Spark with Cassandra input/output

Question

Picture the following senario: A Spark application (Java implementation) is using Cassandra database to load, convert to RDD and process the data. Also the application is steaming new data from the database which are also processed by a custom receiver. The output of the streaming process is stored in the database. The implementation is using Spring Data Cassandra from the integration with the database.

CassandraConfig:

@Configuration
@ComponentScan(basePackages = {"org.foo"})
@PropertySource(value = { "classpath:cassandra.properties" })
public class CassandraConfig {

    @Autowired
    private Environment env;

    @Bean
    public CassandraClusterFactoryBean cluster() {
        CassandraClusterFactoryBean cluster = new CassandraClusterFactoryBean();
        cluster.setContactPoints(env.getProperty("cassandra.contactpoints"));
        cluster.setPort(Integer.parseInt(env.getProperty("cassandra.port")));

        return cluster;
    }

    @Bean
    public CassandraMappingContext mappingContext() {
        return new BasicCassandraMappingContext();
    }

    @Bean
    public CassandraConverter converter() {
        return new MappingCassandraConverter(mappingContext());
    }

    @Bean
    public CassandraSessionFactoryBean session() throws Exception {
        CassandraSessionFactoryBean session = new CassandraSessionFactoryBean();
        session.setCluster(cluster().getObject());
        session.setKeyspaceName(env.getProperty("cassandra.keyspace"));
        session.setConverter(converter());
        session.setSchemaAction(SchemaAction.NONE);

        return session;
    }

    @Bean
    public CassandraOperations cassandraTemplate() throws Exception {
        return new CassandraTemplate(session().getObject());
    }

}

DataProcessor.main method:

// Initialize spring application context
ApplicationContext applicationContext = new AnnotationConfigApplicationContext(CassandraConfig.class);
ApplicationContextHolder.setApplicationContext(applicationContext);
CassandraOperations cassandraOperations = applicationContext.getBean(CassandraOperations.class);
// Initialize spark context
SparkConf conf = new SparkConf().setAppName("test-spark").setMaster("local[2]");
JavaSparkContext sc = new JavaSparkContext(conf);

// Load data pages
List<Event> pagingResults = cassandraOperations.select("select * from event where event_type = 'event_type1' order by creation_time desc limit " + DATA_PAGE_SIZE, Event.class);
// Parallelize the first page
JavaRDD<Event> rddBuffer = sc.parallelize(pagingResults);

while(pagingResults != null && !pagingResults.isEmpty()) {
    Event lastEvent = pagingResults.get(pagingResults.size() - 1);
    pagingResults = cassandraOperations.select("select * from event where event_type = 'event_type1' and creation_time < " + lastEvent.getPk().getCreationTime() + " order by creation_time desc limit " + DATA_PAGE_SIZE, Event.class);
    // Parallelize page and add to the existing
    rddBuffer = rddBuffer.union(sc.parallelize(pagingResults));
}

// data processing
...

It is expected to have a big amount of data for the initial loading. For this reason the data are paginated, loaded and distributed in rddBuffer.

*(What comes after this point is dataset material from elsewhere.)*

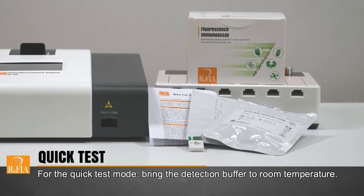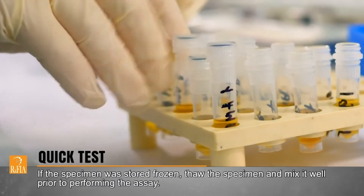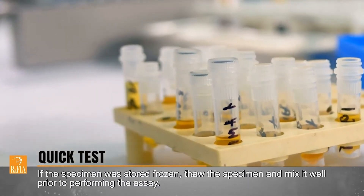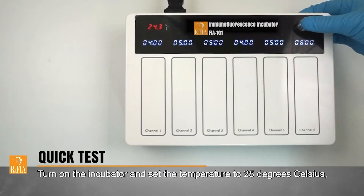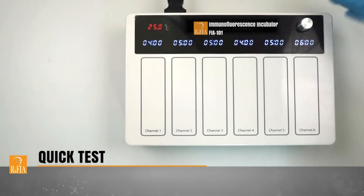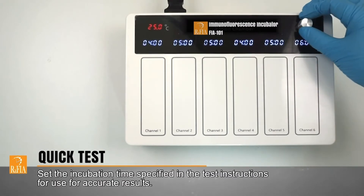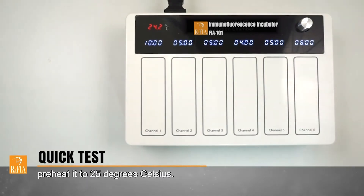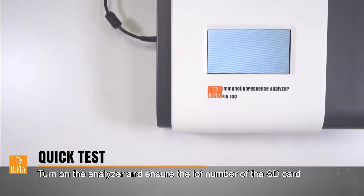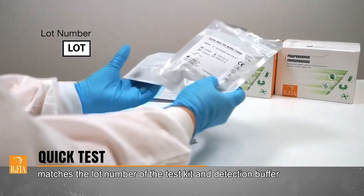For the quick test mode, bring the detection buffer to room temperature. If the specimen was stored frozen, thaw the specimen and mix it well prior to performing the assay. Turn on the incubator and set the temperature to 25 degrees Celsius. Set the incubation time stated in the test instructions for use for accurate results. Reheat it to 25 degrees Celsius. Turn on the analyzer and ensure the lot number of the SD card matches the lot number of the test kit and detection buffer.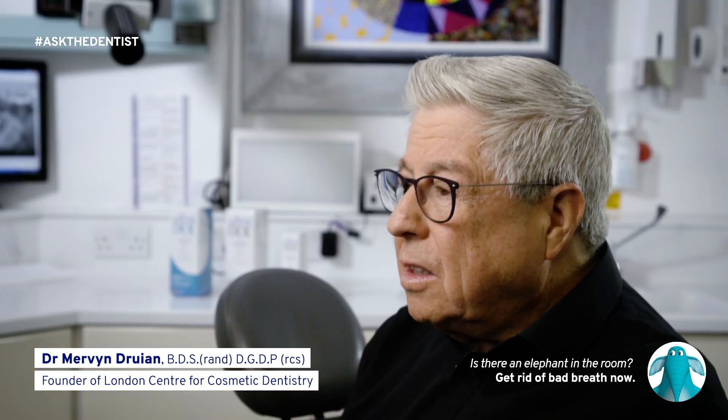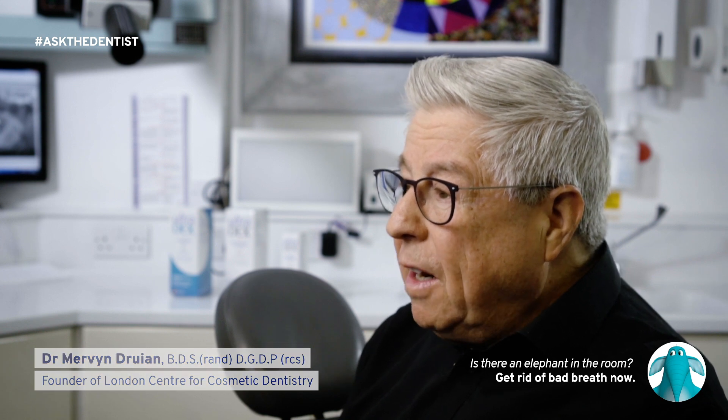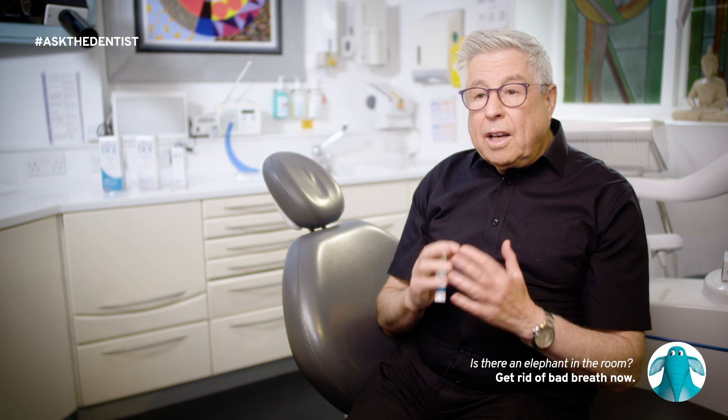It's better to rinse with something like Ultradex Oral Rinse because that will help to keep your mouth really fresh. We recommend that patients use a mouthwash twice a day — in the morning when finished brushing their teeth following breakfast, and then in the evening, the last thing before bed, have a really good rinse and then nothing to eat or drink afterwards.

There are also the following options available:

The Spark-Cassandra example (https://github.com/apache/spark/blob/master/examples/src/main/scala/org/apache/spark/examples/CassandraCQLTest.scala), although there is minimum amount of documentation for this example.
The Calliope project (http://tuplejump.github.io/calliope/)

I would like to know what is the best practice for the integration of Spark with Cassandra. What would be the best option to follow in my implementation?

Apache Spark 1.0.0, Apache Cassandra 2.0.8

Are you planning to use Spark on a single node or on a cluster? — maasg, Jun 27 '14 at 16:35
This is a prototype implementation, in the next phase all code will be written in Java 8 (lambda expressions) or Scala (closures). The choice of the language will depend on several factors. Also, in cluster, it is pointless to use Skark on a single node. — Pantelis Papapoulias, Jun 28 '14 at 20:41
@maasg is correct, his answer is good too. Trust us when we say your life will be made 10x easier when you go to Scala. We have a saying "once you go Scala, you never go back". — samthebest, Jun 29 '14 at 11:25
@samthebest Both Scala and Java 8 seem to offer great advantages over previous versions of Java or Python implementations. Scala seems to be a natural fit with Spark since it is a Scala implementation. But again the choice between those 2 will be evaluated in a later phase. For now my intention is to focus on the fundamentals. — Pantelis Papapoulias, Jun 29 '14 at 19:16
Since today, there is the 3rd, recommended option to use the official driver for Spark: https://github.com/datastax/cassandra-driver-spark — Piotr Kołaczkowski, Jun 30 '14 at 19:48

Piotr Kołaczkowski · Accepted Answer · 2014-07-13T06:13:35.263

9

The easiest way to work with Cassandra and Spark is to use the official open source Cassandra driver for Spark developed by DataStax: https://github.com/datastax/spark-cassandra-connector

This driver has been built on top of Cassandra Java Driver and provides a direct bridge between Cassandra and Spark. Unlike Calliope, it does not use the Hadoop interface. Additionally it offers the following unique features:

support for all Cassandra data types, including collections, out of the box
lightweight mapping of Cassandra rows to custom classes or tuples without the need to use any implicits or other advanced features in Scala
saving any RDDs to Cassandra
full support for Cassandra Virtual Nodes
ability to filter / select on the server side, e.g. leveraging Cassandra clustering columns or secondary indexes

edited Jul 13 '14 at 06:13

answered Jun 30 '14 at 19:36

Piotr Kołaczkowski

2,601
12
14

Thank you, that was exactly what I needed for my implementation. – Pantelis Papapoulias Jul 01 '14 at 07:06
Have a look at the CassandraConnector class provided by the spark-cassandra-connector. It makes it easy to run CQL queries and so on inside operations on RDDs (foreach, map etc.) so they are distributed across the cluster. It is not emphasised enough in the documentation IMO. – David Tinker Oct 07 '14 at 07:55
Piotr, can you take a look at this question about datastax's`spark-cassandra-connector`? http://stackoverflow.com/questions/27130321/fail-to-open-thrift-connection-to-cassandra Thanks. – chrisTina Nov 25 '14 at 18:35

score 1 · Answer 2 · answered Jun 28 '14 at 22:49

The approach in the code above is a classical centralized algorithm that would work only if executed in one node. Both Cassandra and Spark are distributed systems and therefore it's necessary to model the process in such a way that it can be distributed among a number of nodes.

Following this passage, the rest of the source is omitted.